Out With the Old…In With the New

I had the opportunity to visit “Theology at the Bottleworks” in St. Louis last night. This event is hosted by The Journey Church and is held at the Bottleworks portion of Schlafly. According to Journey’s website, “In older, simpler times, a pub or ‘public house’ was often the focal point of the community, playing a similar role to the local church, where people gathered to openly discuss significant issues of the day.”

First of all, it was a VERY interesting night. Second, the topic was one close to my heart:

“What is the role of art in today’s culture?”

At it’s surface, this topic may appear to be quite mundane, but I can assure you that the dialogue was quite animated. I won’t go into great detail and to be honest, it’s a bit hard to describe the process. I encourage you to check it out for yourself.

Here are a few things that I took away from the evening:

  • There is a definite generational gap in our society – those that have been there and done that, and those who are still trying to get there
  • Those who have experience are typically more cynical than those without
  • The older generation is still trying to convince the younger one that the past is much better then the future
  • Despite the circumstances, younger people are still trying to make a difference in the world
  • The older generation think first and feel later…the younger feel first and think later
  • Typically the older generation tend to be more conservative; the younger more liberal

These are just a few observations from one particular event at one particular moment in time. That doesn’t necessarily make them accurate. What I found interesting is that the younger generation is still trying to dream big. They invite change, not discourage it. They feel emotions at a deeper level and are trying to express themselves in as many ways as they can.

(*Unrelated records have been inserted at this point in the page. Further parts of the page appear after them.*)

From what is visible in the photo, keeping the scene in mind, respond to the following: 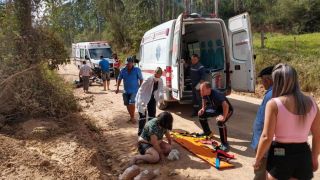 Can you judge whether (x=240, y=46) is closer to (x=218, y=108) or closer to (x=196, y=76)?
(x=196, y=76)

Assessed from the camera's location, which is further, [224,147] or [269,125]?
[224,147]

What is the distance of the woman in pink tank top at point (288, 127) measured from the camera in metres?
3.14

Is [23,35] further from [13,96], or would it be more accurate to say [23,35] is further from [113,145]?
[113,145]

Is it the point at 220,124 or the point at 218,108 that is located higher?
the point at 218,108

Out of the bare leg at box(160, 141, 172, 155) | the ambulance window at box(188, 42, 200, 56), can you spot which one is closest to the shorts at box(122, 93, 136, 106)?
the bare leg at box(160, 141, 172, 155)

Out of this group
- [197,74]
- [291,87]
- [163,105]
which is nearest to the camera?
[291,87]

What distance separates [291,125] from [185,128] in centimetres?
563

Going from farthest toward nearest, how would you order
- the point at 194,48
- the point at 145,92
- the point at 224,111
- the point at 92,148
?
A: the point at 194,48 < the point at 145,92 < the point at 92,148 < the point at 224,111

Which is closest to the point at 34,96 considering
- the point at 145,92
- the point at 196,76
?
the point at 145,92

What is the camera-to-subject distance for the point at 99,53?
22.0m

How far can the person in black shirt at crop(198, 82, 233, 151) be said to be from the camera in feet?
22.3

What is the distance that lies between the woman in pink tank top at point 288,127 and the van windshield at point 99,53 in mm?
18993

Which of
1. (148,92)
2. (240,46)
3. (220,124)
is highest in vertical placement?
(240,46)

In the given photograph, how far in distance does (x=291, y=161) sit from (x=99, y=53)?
19.5 meters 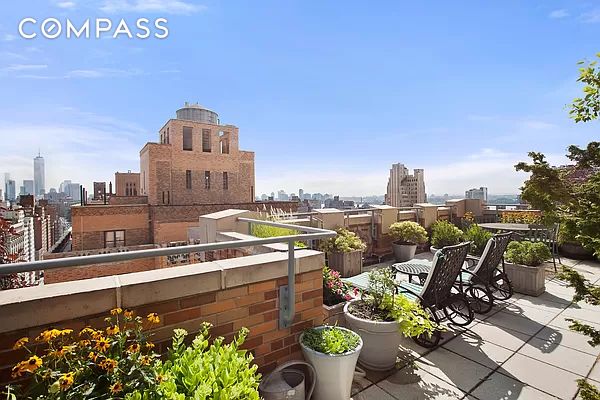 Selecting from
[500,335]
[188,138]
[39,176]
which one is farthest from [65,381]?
[39,176]

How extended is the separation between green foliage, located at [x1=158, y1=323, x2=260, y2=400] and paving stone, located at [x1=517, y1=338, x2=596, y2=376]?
3.44 m

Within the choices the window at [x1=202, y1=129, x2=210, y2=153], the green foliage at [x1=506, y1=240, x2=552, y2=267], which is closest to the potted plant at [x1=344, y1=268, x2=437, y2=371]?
the green foliage at [x1=506, y1=240, x2=552, y2=267]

At my age, I find myself in the middle of both camps. My experiences have given me wisdom (at times!) but I still feel that passion burning inside of me that I MUST make a difference. I still want to dream and create and scream and fight and to let everyone know that we can embrace change. It won’t be perfect (and neither are we) and sometimes it will get messy. But that doesn’t mean it won’t be worth it. That doesn’t invalidate the idea.

Sometimes opening up a discussion about a topic as simple (and complex) as art can stimulate a whole new world of thinking. And that is not a bad place to be.

What has stimulated your thinking lately?